Where the line containing "EvJk Luxury 9-Piece" appears in the records below, begin there and repeat each line exactly through the final one, dropping all pictures.

____ DATA SHOWN

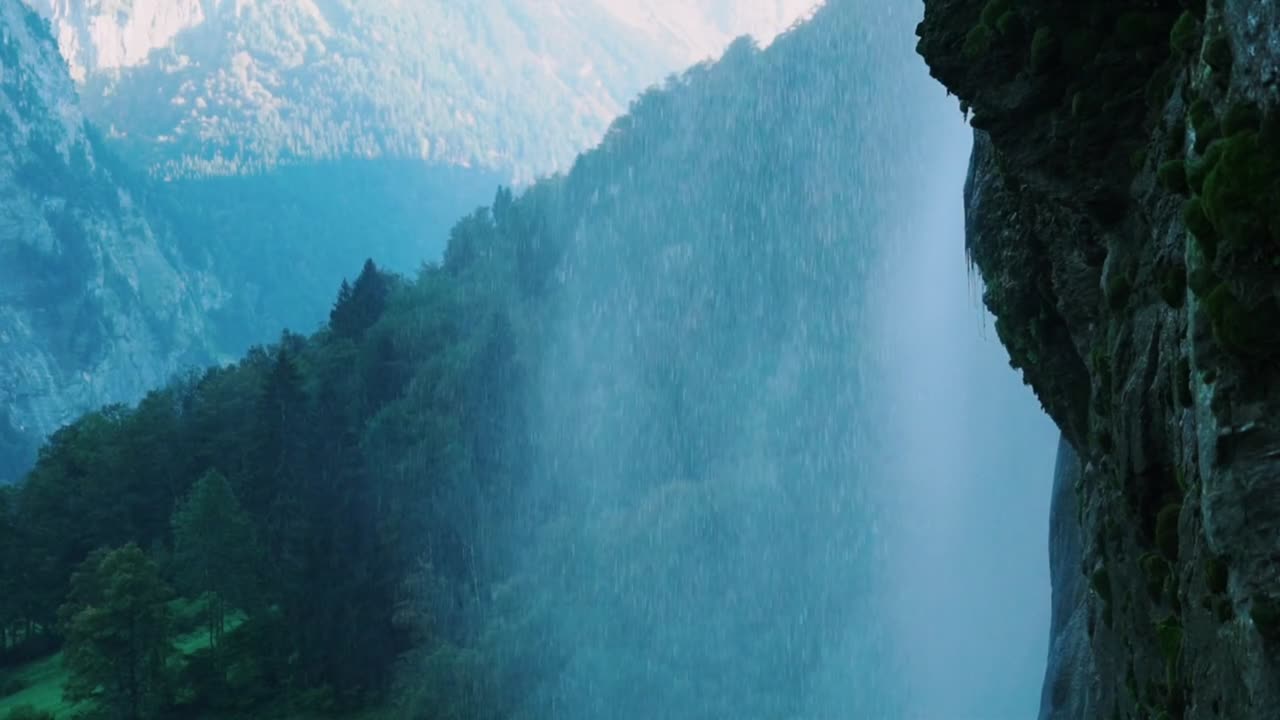 Rain/waterfall with Thunder SoundsㅣHeavy Rain for Sleep, Study, and Relaxation, Meditation.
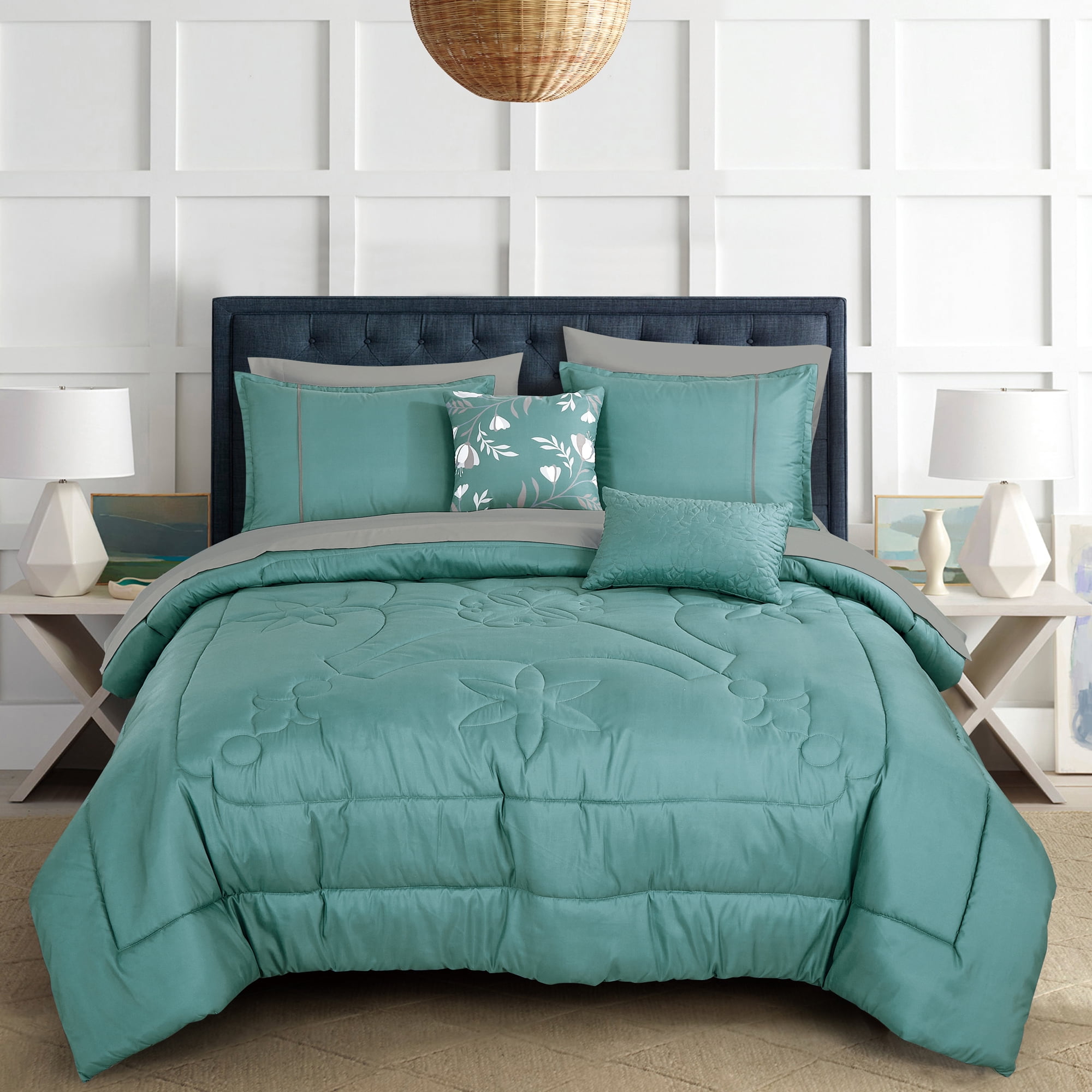 EvJk Luxury 9-Piece Comforter Set – Modern Solid Color Design, King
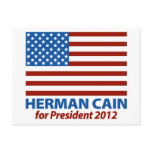American Flag Herman Cain for President 2012 Postcards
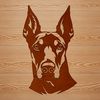 Doberman Portrait SVG Doberman Pinscher breed portrait in vector format, suitable for digital designs and crafts.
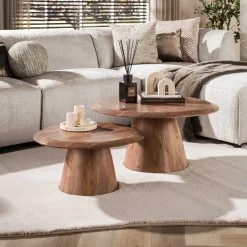 Luna Salontafel set van 2 rond Acaciahout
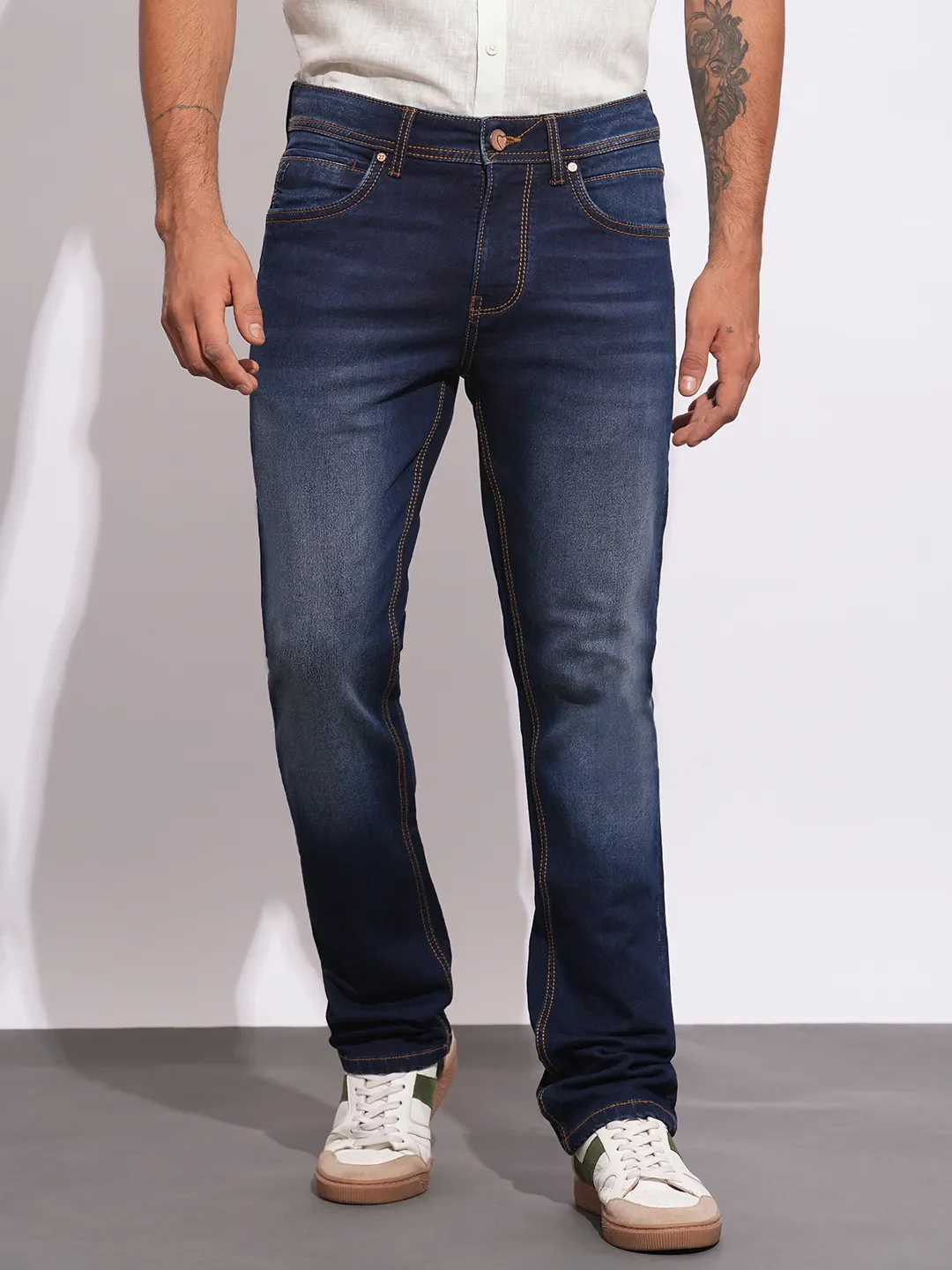 Blue Cropped Fit Men's Denims by Being Human Clothing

________

• **TASK RESULT**
 EvJk Luxury 9-Piece Comforter Set – Modern Solid Color Design, King
American Flag Herman Cain for President 2012 Postcards
 Doberman Portrait SVG Doberman Pinscher breed portrait in vector format, suitable for digital designs and crafts.
 Luna Salontafel set van 2 rond Acaciahout
 Blue Cropped Fit Men's Denims by Being Human Clothing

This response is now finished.